Guess she hasnt had time to update....

She had one baby girl!!

CONGRATS!!


----------



## toth boer goats (Jul 20, 2008)

*Re: Sunset Lake Ranch - Pudding in labor*

Thank you Laura... :hi5:

Aww... one baby girl... how sweet...hope things are OK Allison.... :hug:


----------



## TinyHoovesRanch (Jan 16, 2010)

*Re: Sunset Lake Ranch - Pudding in labor*

She posted pics on her facebook, she must be really busy today.

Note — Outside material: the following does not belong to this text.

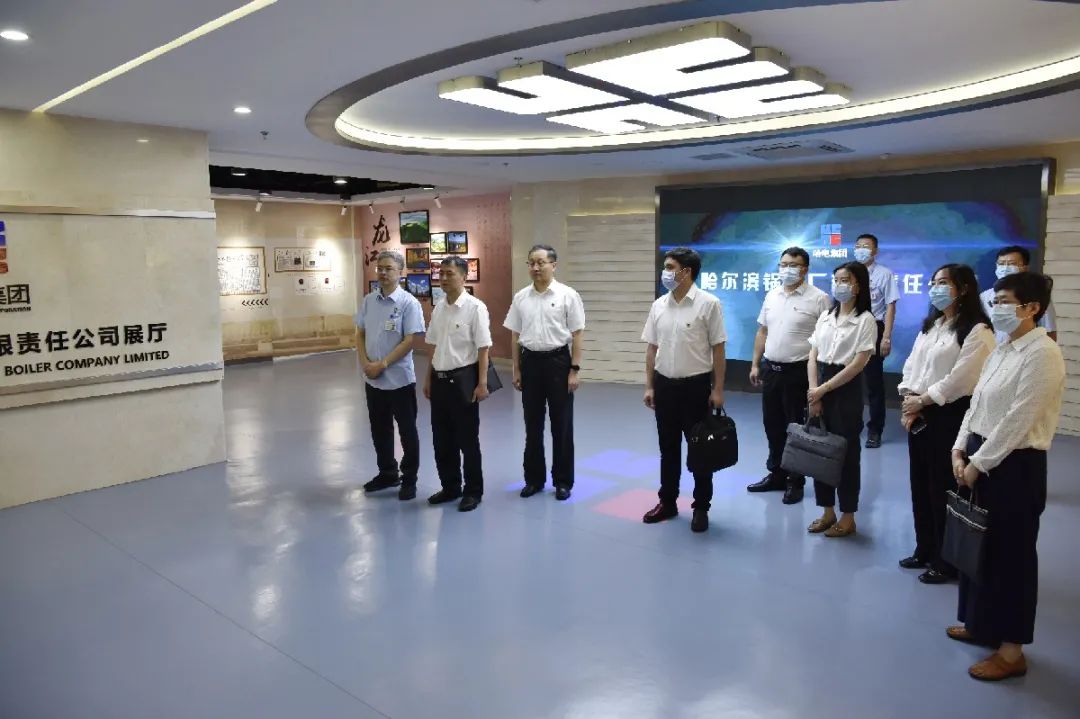 C00016AACD18A4163E2B6FC957A_1F1CDD83_16AB4.jpg?e= 首页-人生就是博手机版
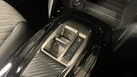 2024-peugeot-208-e-e-style-small-19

But OMG that baby is the CUTEST thing ever!! I love her!


----------



## myfainters (Oct 30, 2009)

*Re: Sunset Lake Ranch - Pudding in labor*

yeah she's a cutie! Congrats!!!!!


----------



## toth boer goats (Jul 20, 2008)

*Re: Sunset Lake Ranch - Pudding in labor*



> She posted pics on her facebook, she must be really busy today.
> 
> But OMG that baby is the CUTEST thing ever!! I love her!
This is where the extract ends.